Welcome to Medivizor!

You're browsing our sample library. Feel free to continue browsing. You can also sign up for free to receive medical information specific to your situation.

Posted by on Feb 11, 2017 in Colorectal cancer | 0 comments

In a nutshell

This study is the second update of a review focusing on the effects of an intense follow-up for patients with colorectal cancer after treatment.

Some background

Patients with colorectal cancer who underwent surgery or adjuvant therapy (treatment following surgery) are followed for several years. However, multiple appointments and tests can be inconvenient and expensive for patients. It is still not clear how often patients should be seen, or what tests should be done, and what the effect this type of follow-up has on patient outcomes.

Methods & findings

This study reviewed the effects of intensive follow-up for patients with colorectal cancer treated with surgery or adjuvant therapy, or both.

This study reviewed other 15 studies including information about 5403 patients. Patients had different follow-up periods, did a different number of tests during follow-up, and were examined by surgeons, physicians or nurses. An intensive follow-up was greater follow-up periods (over 48 months) and more tests.

Twelve studies reported on overall survival (time from treatment until death from any cause). There were no differences in the overall survival in patients under an intensive follow-up compared to minimal follow-up.  

Seven studies reported no difference in the cancer-related survival (time from treatment until death due to cancer) in patients under an intensive follow-up.  

Fourteen studies reported no difference in the time until disease relapse.

Thirteen studies reported that a second surgery was more frequent with intense follow-up. Patients under intensive follow-up had a 98% increased risk of undergoing further surgery.

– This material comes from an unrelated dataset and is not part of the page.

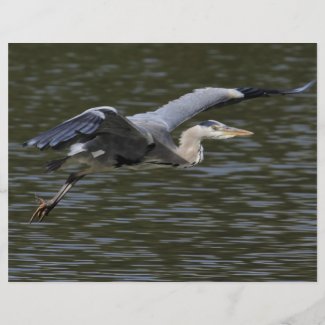 Heron Fly Past flyer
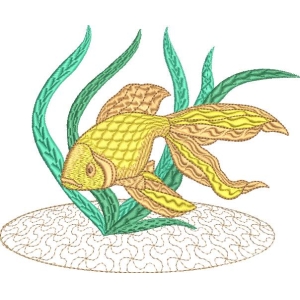 金鱼游动于水草间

Seven studies reported that recurrences (when the cancer comes back) were less frequent in patients under an intensive follow-up. These patients had a 41% decrease in recurrences.  

Three studies reported that intensive follow-up does not affect quality of life, anxiety nor depression.

Two studies noted that side effects of colonoscopies (a test that examines the inner lining of the intestine) did not differ with intensive follow-up.

The bottom line

This review determined that there is no overall survival benefit in intensive follow-up. The authors noted that these patients had more curative surgery and fewer recurrences. 

The fine print

A limited number of studies were reviewed for the colonoscopy side effects.

Published By :

Cochrane database of systematic reviews

Date :

Nov 24, 2016

Original Title :

Follow-up strategies for patients treated for non-metastatic colorectal cancer.